LINTASJATIM.com, Surabaya – Wabah Demam Berdarah Dengue (DBD) mengkhawatirkan sejumlah warga di Kota Surabaya. Tercatat, 15 anak di RW 10 Kelurahan Menur Pumpungan Kecamatan Sukolilo Kota Surabaya Jawa Timur terkena wabah tersebut.
Pasalnya, satu anak warga Menur Pumpungan Kota Surabaya dikabarkan meninggal karena DBD. Anak tersebut meninggal dunia setelah mendapat perawatan medis di rumah sakit Surabaya, Selasa (25/1) dini hari sekitar pukul 03.00 WIB.
“Innalillahi wa innailaihi rojiun telah meninggal dunia anak dari bapak Nova alamat Manyar Kartika Barat Nomor 11 depan Masjid Ulul Albab,” ucap pengurus RT 06/ RW 10 Kelurahan, Kecamatan Sukolilo, Menur Pumpungan Farid dilansir dari Antara, Selasa (25/1/2022).
Korban bocah yang masih duduk di bangku kelas 2 SD tersebut sebelumnya sempat pulang dari rumah sakit pada Minggu, 23 Januari 2022. Namun, siswa tersebut kembali masuk ICU rumah sakit pada hari Senin, 24 Januari 2022.

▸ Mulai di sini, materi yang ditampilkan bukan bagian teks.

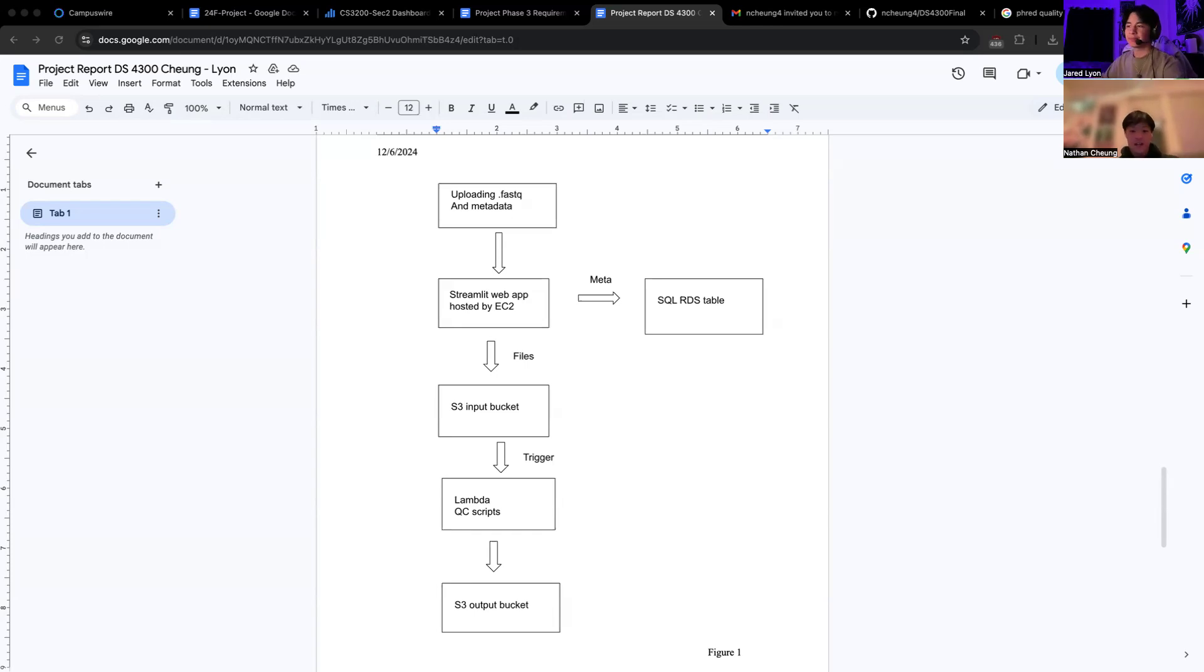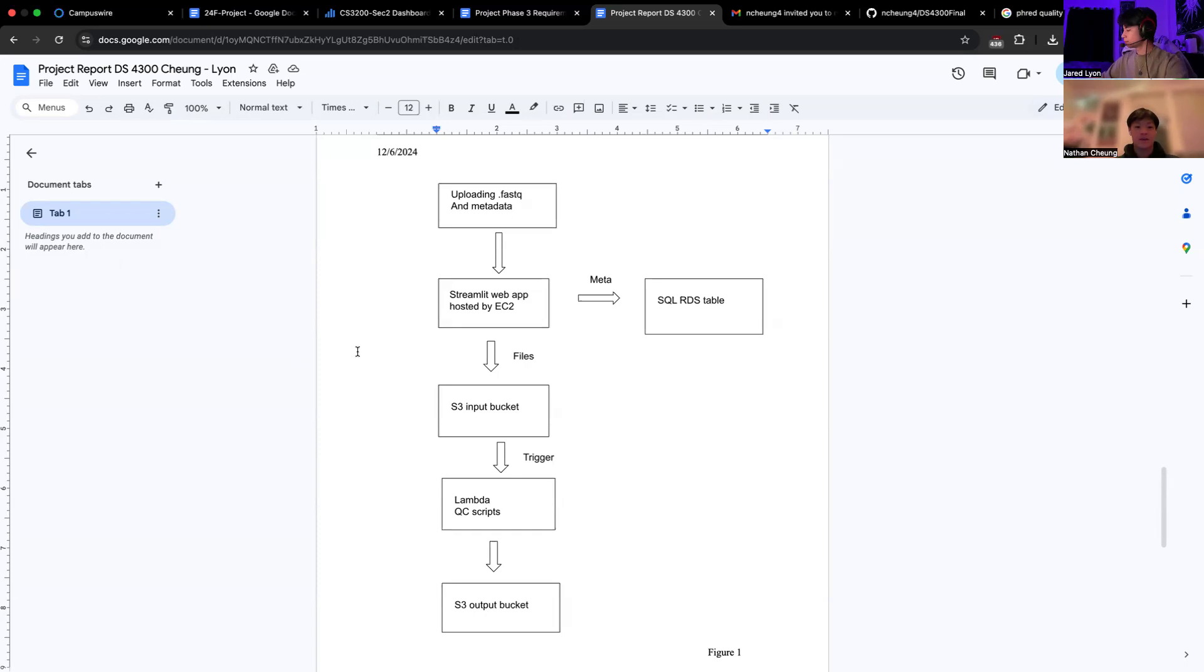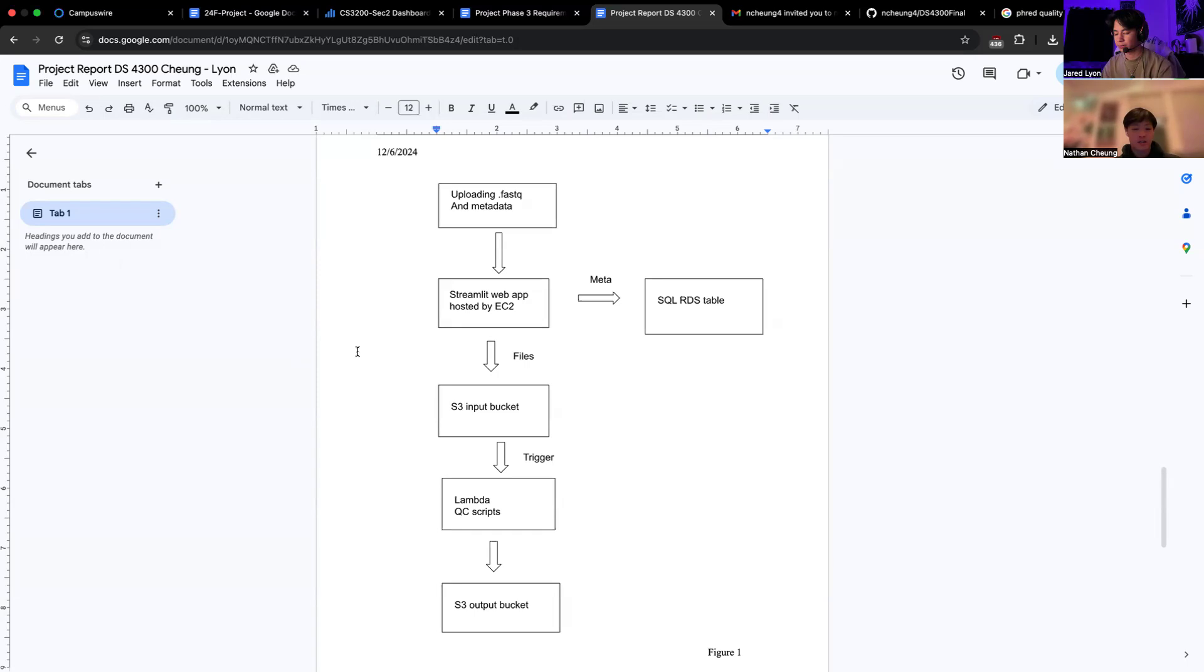Our project focuses on designing and implementing a data pipeline to process genomic sequencing data stored in FASTQ files. These files are widely used in bioinformatics and contain biological sequence data along with corresponding quality scores, making them essential for next-generation sequencing, or NGS, workflows.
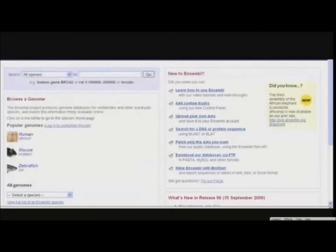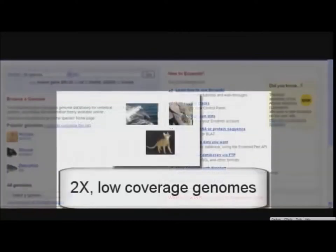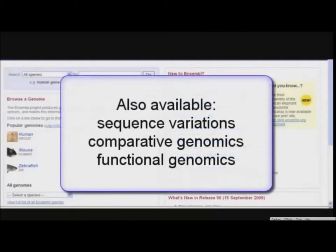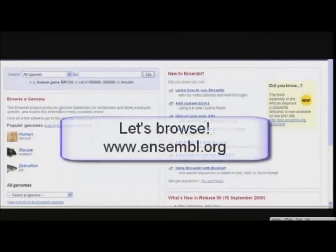For some species, such as human, Ensembl includes manually curated transcripts from the Vega-Havana project at the Wellcome Trust Sanger Institute. Ensembl provides gene sets for even newly sequenced, low-coverage genomes such as cat, elephant, and dolphin. Other annotation includes variation mapping, comparative genomic studies, and functional genomics. Let's see how the browser arranges this information.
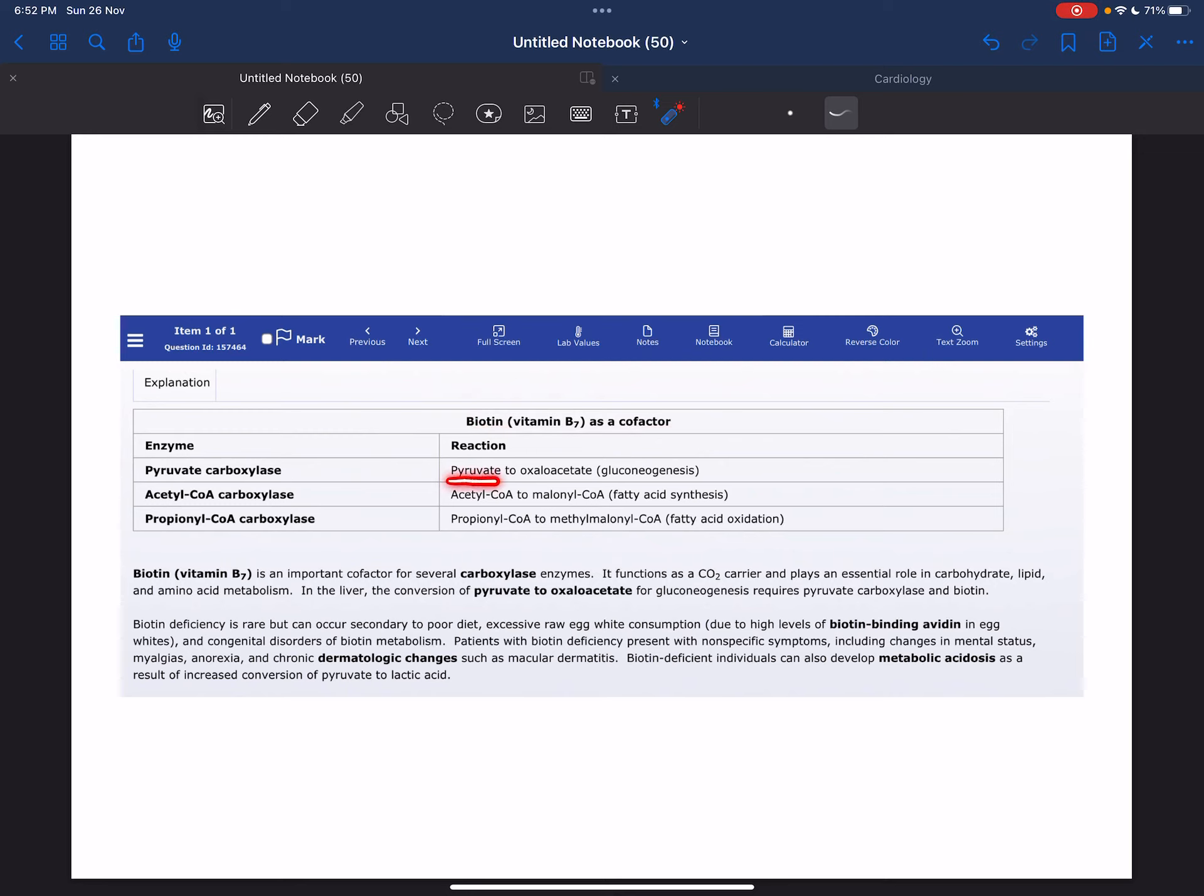The next reaction is acetyl-CoA conversion to malonyl-CoA in fatty acid synthesis by the enzyme acetyl-CoA carboxylase. The third reaction is propionyl-CoA to methylmalonyl-CoA in fatty acid oxidation by the enzyme propionyl-CoA carboxylase.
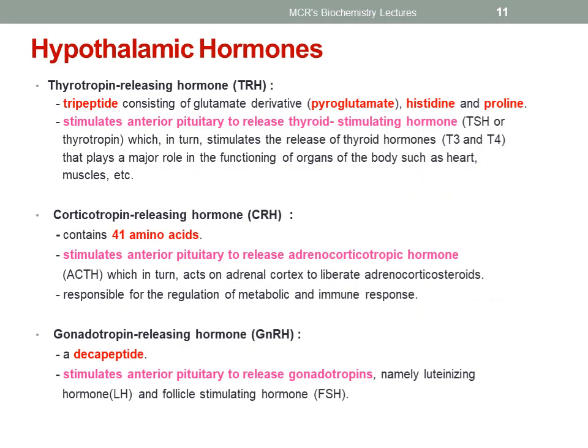Now let us see about the hypothalamic hormones one by one. The thyrotrophin releasing hormone, in short called TRH, is a tripeptide consisting of the glutamate derivative pyroglutamate, histidine and proline. It stimulates the anterior pituitary to release thyroid stimulating hormone, which in turn stimulates the release of thyroid hormones T3 and T4 that play a major role in the functioning of organs of the body such as heart muscles.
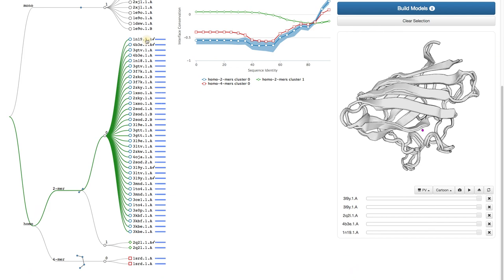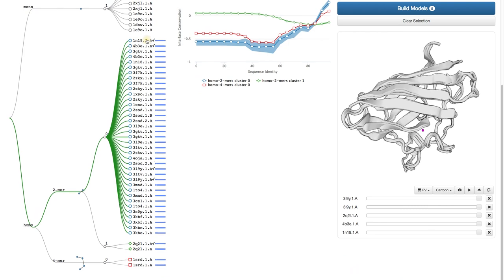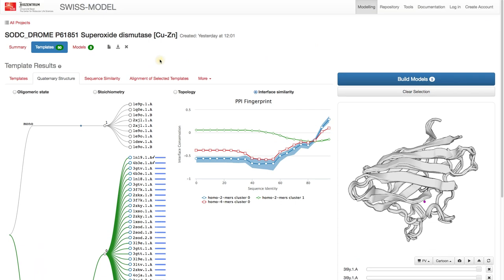You can see in the window that the tertiary structure is very similar between the templates. The last plot we will explore on this page is the Protein-Protein Interaction Fingerprint.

Sebelumnya warga sudah melaporkan kejadian tersebut ke Puskesmas Kecamatan Sukolilo Kota Surabaya untuk segera dilakukan penyemprotan atau fogging. Namun, petugas puskesmas hanya memberikan bubuk abate untuk membunuh jentik nyamuk di bak mandi.
Menurut Farid, kawasan pemukimannya saat ini sedang dalam kondisi darurat wabah DBD. Rentang waktu antar anak yang terjangkit wabah DBD sangat berdekatan.
Alim Mustofa Ketua RT 06/RW 10 menambahkan wabah DB di lingkungannya sudah sangat meresahkan warga. Namun, kata dia, hingga saat ini belum ada petugas yang datang untuk melakukan penyemprotan.
“Kami juga ingin segera lakukan fogging tapi sampai jatuh korban tidak ada fogging. Kondisinya ini memang darurat,” ujar dia.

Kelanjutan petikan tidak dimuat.